▶
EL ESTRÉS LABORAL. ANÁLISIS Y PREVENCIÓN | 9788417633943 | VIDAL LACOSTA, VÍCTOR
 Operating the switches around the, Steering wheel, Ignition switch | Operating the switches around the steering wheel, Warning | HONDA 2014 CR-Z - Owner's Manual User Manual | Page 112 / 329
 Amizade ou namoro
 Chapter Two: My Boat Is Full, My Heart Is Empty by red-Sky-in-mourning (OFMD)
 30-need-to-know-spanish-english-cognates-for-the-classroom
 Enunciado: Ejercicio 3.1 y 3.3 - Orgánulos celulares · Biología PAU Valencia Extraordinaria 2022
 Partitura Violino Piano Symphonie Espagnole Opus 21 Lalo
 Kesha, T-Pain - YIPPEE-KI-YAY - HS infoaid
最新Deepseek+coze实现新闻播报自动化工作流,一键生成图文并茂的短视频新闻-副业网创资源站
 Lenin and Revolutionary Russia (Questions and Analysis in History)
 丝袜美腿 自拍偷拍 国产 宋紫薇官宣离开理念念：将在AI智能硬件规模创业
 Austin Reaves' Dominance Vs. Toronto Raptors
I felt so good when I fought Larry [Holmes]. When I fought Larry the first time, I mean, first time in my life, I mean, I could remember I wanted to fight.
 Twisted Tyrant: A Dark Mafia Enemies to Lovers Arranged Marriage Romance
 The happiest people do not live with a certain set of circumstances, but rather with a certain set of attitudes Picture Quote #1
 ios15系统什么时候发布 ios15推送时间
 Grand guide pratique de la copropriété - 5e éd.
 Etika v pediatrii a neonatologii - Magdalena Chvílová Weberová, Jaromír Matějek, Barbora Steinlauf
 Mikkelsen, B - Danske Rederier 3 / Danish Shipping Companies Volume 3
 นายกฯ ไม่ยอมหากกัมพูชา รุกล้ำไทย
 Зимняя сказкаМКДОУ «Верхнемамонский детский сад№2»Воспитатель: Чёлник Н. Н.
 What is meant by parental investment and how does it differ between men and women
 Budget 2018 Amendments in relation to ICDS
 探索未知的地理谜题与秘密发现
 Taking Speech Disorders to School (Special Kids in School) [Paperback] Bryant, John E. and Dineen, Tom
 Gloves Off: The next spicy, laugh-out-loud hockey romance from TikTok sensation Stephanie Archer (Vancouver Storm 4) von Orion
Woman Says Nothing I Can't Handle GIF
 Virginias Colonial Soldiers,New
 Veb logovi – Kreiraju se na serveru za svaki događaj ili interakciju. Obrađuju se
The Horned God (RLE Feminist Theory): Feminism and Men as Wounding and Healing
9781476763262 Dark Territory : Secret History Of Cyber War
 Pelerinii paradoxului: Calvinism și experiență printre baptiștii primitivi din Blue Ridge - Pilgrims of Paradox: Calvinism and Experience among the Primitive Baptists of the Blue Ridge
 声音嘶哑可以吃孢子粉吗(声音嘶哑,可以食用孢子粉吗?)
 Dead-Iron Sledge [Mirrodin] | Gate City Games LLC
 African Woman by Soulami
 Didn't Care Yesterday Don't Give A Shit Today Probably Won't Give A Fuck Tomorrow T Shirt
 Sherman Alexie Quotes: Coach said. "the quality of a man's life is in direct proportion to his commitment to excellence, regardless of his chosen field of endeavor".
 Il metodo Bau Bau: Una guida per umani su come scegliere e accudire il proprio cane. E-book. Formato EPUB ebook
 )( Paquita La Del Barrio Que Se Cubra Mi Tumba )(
◀
Activity =
Copy out every line of the material above that contains the string "Woman".

Result of the exercise =
Woman Says Nothing I Can't Handle GIF
 African Woman by Soulami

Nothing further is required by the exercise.